**Your objective**
Copy exactly the stretch of lines from the one holding "Salvage Mazda Mazda3" through the last line of the data below, inclusive. Leave out pictures.

Segment Open

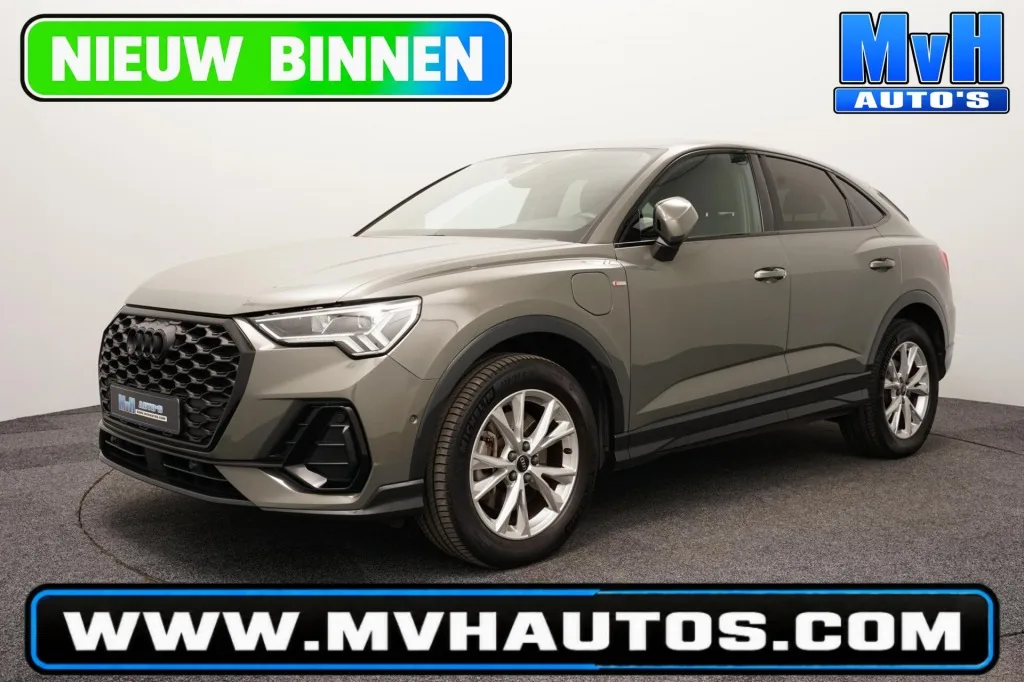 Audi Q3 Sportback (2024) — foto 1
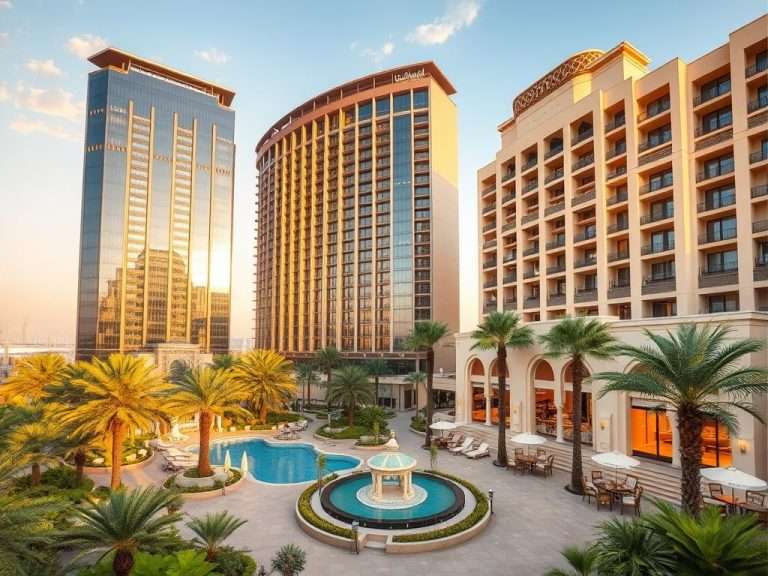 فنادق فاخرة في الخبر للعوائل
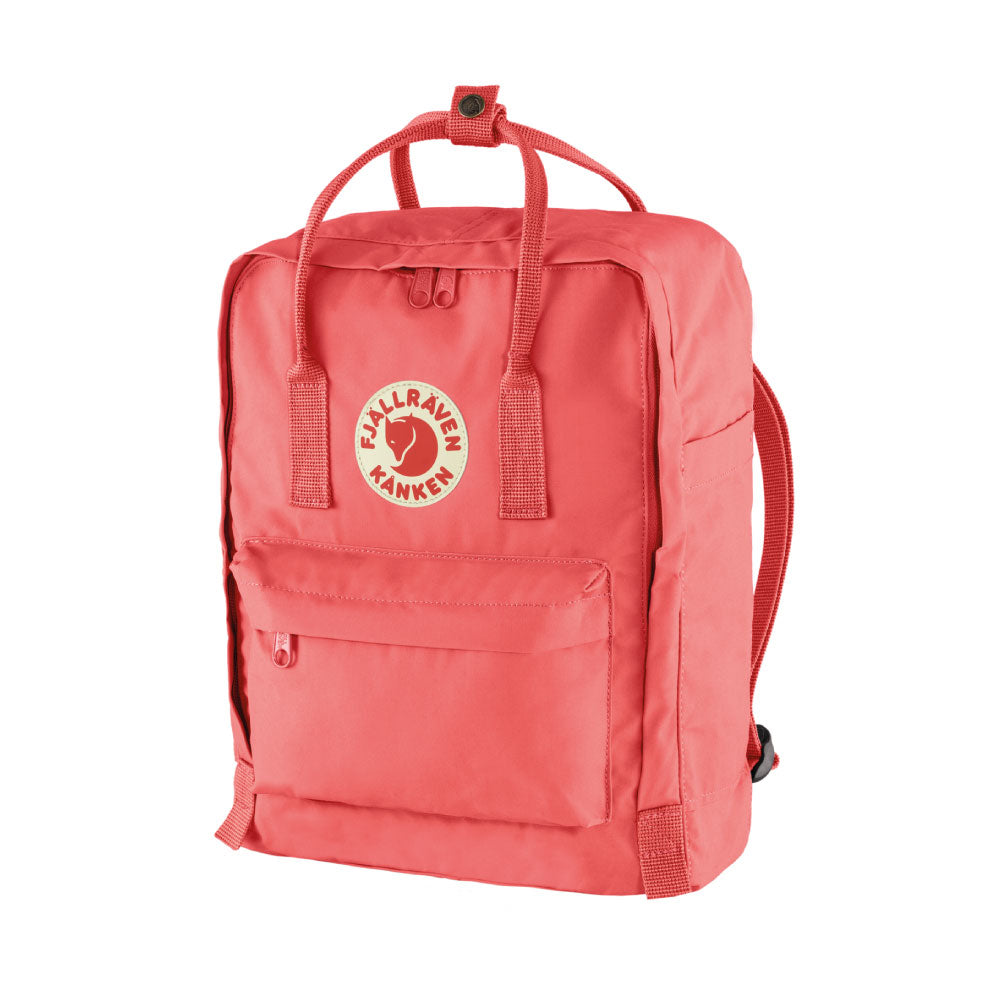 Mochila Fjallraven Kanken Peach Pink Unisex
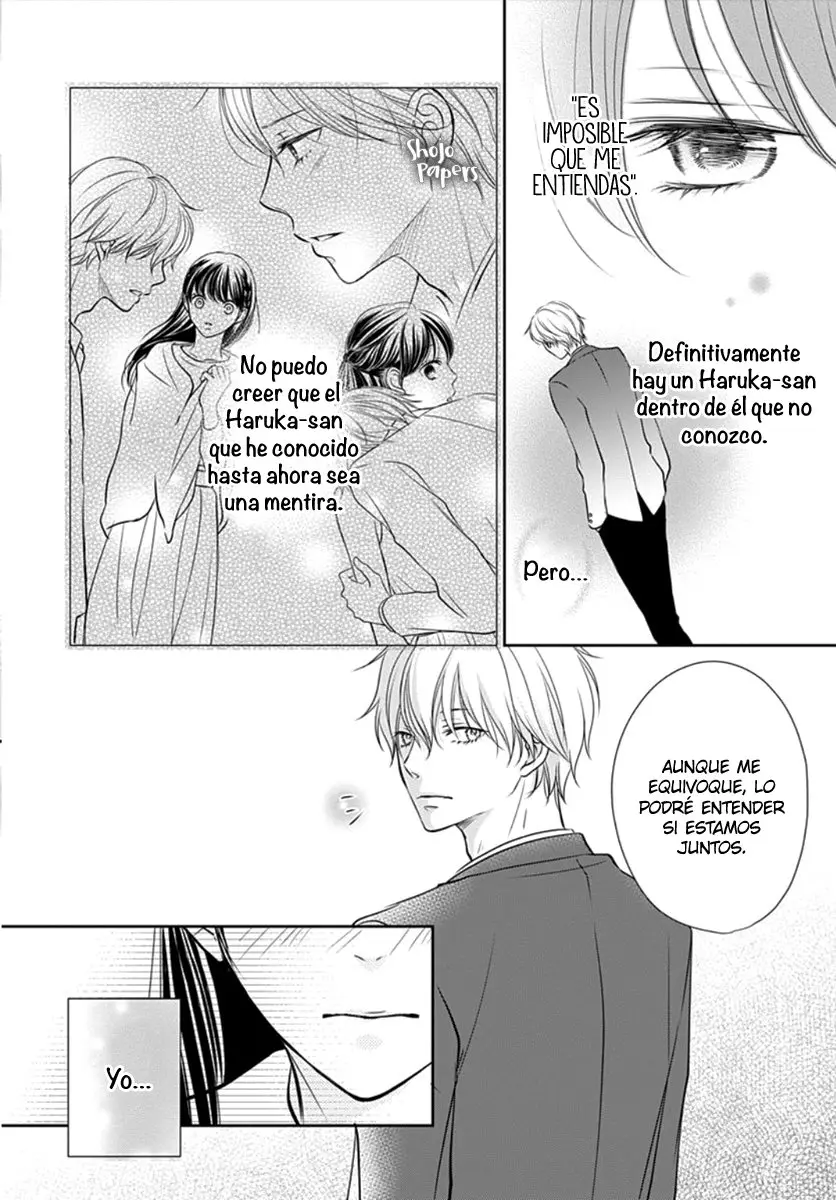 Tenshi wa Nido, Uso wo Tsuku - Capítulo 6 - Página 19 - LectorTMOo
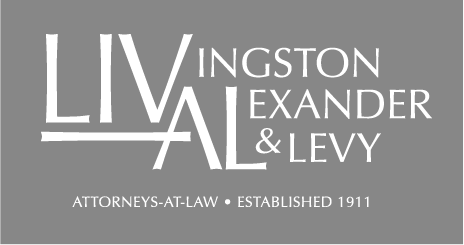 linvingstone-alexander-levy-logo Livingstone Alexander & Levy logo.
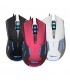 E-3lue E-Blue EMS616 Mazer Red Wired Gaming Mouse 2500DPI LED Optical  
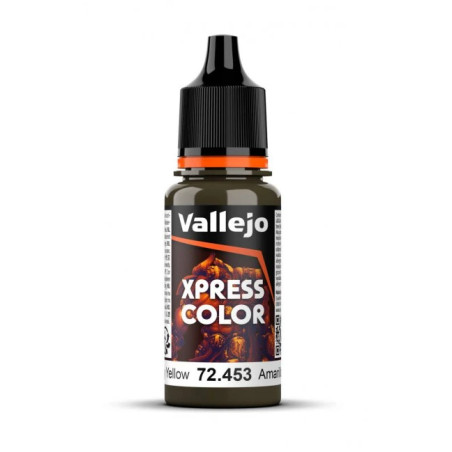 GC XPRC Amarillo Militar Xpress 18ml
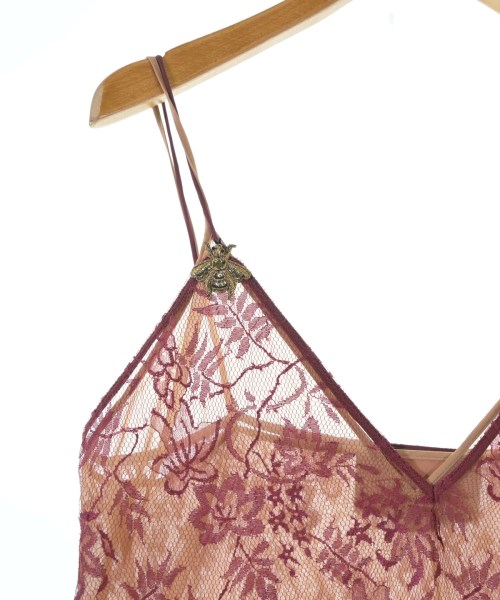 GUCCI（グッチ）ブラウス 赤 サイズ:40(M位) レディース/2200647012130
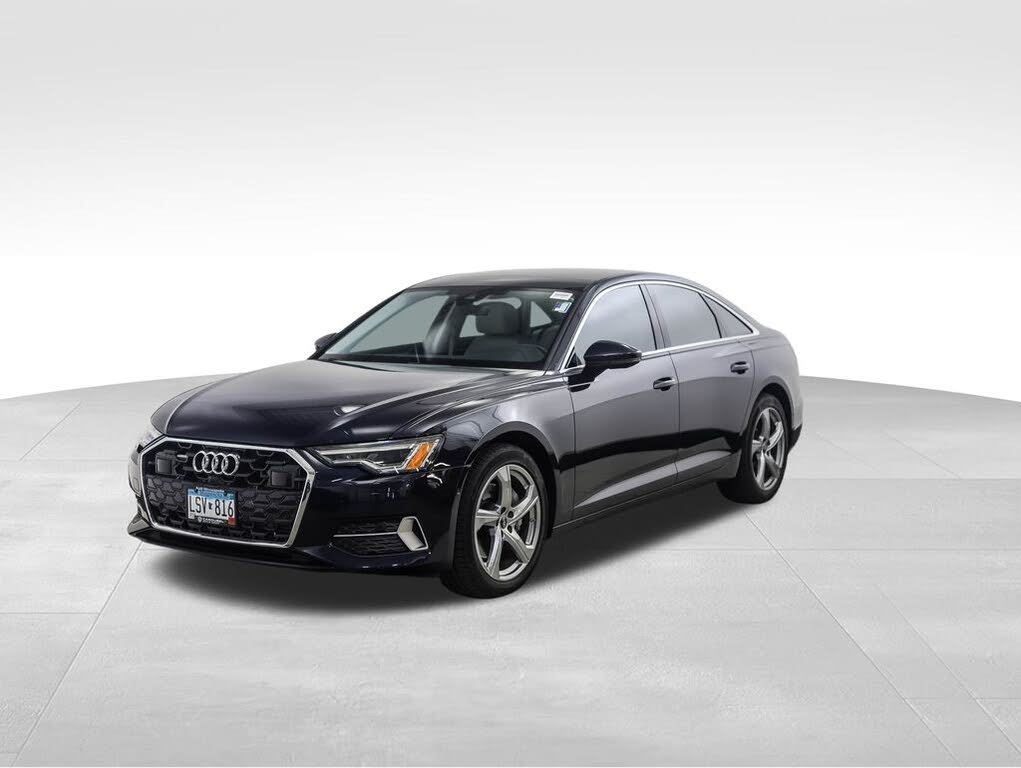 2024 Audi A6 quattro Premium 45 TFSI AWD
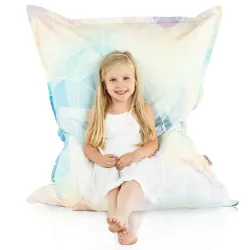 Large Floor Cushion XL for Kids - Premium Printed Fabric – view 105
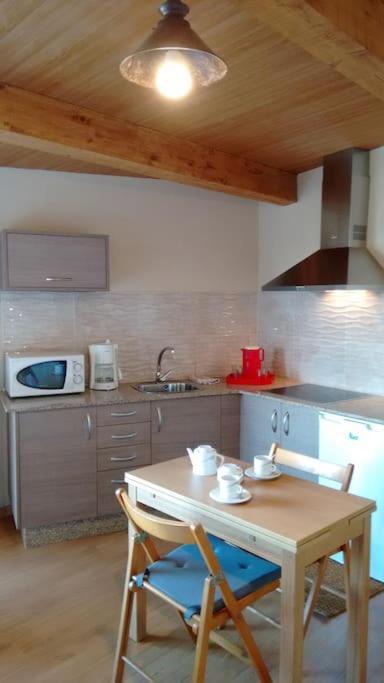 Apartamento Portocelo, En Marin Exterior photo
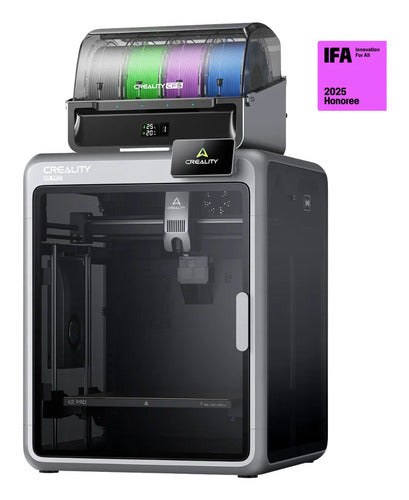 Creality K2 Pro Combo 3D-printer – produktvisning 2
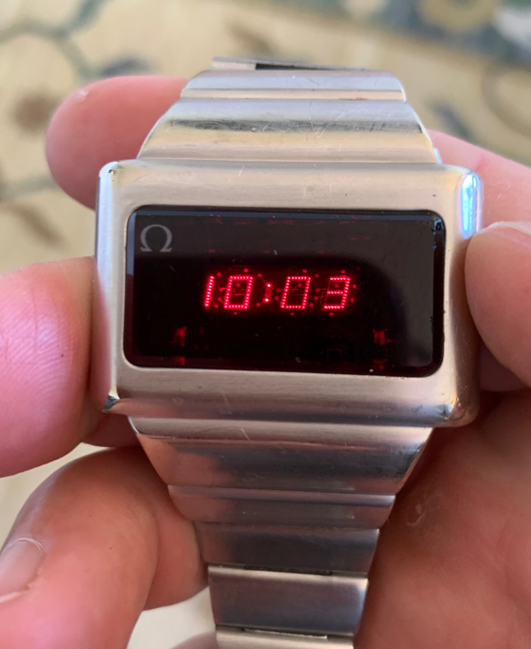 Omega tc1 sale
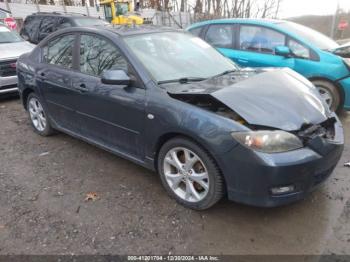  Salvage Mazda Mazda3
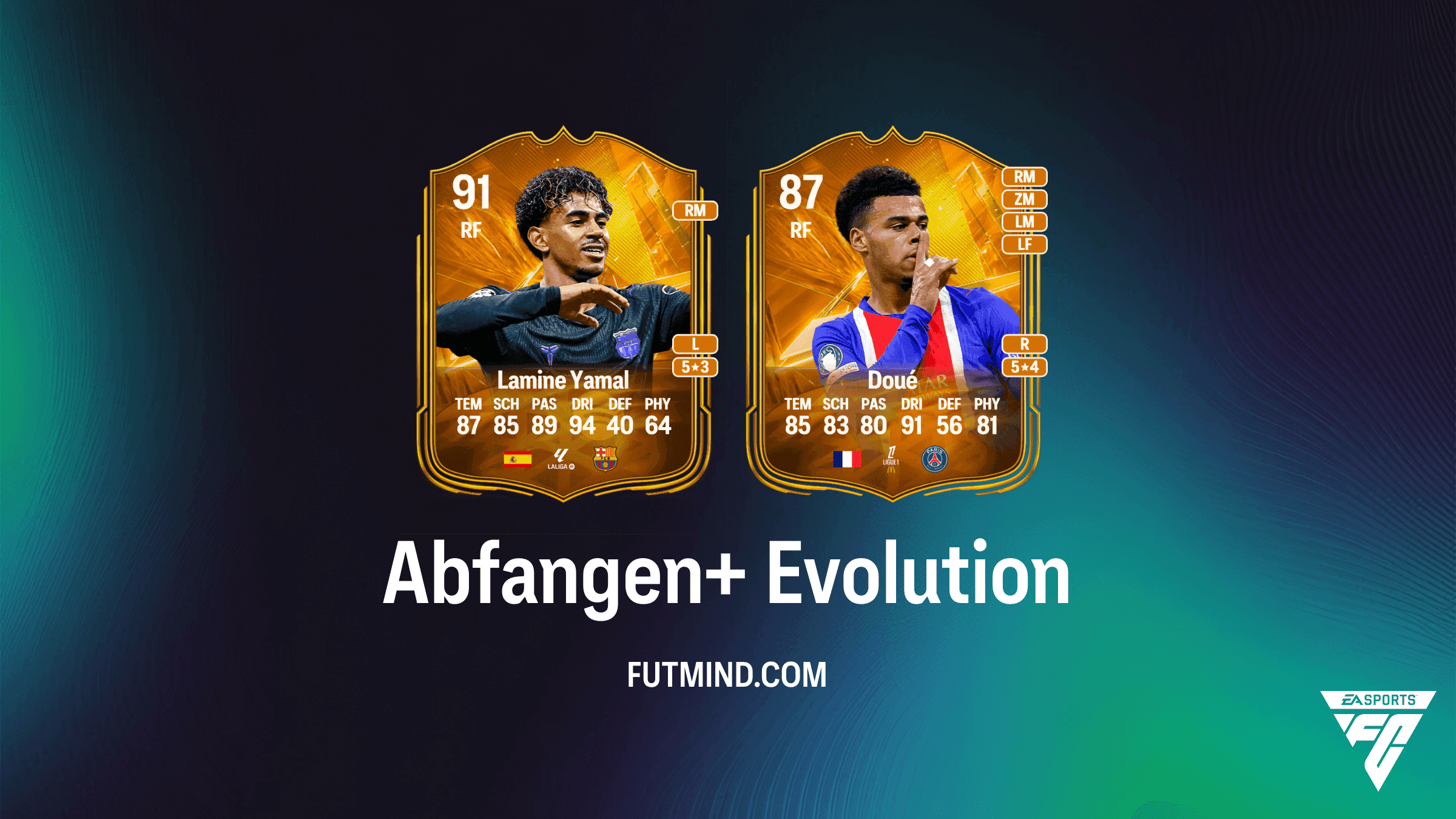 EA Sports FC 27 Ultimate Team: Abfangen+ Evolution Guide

Segment Closed

**Answer box**
  Salvage Mazda Mazda3
 EA Sports FC 27 Ultimate Team: Abfangen+ Evolution Guide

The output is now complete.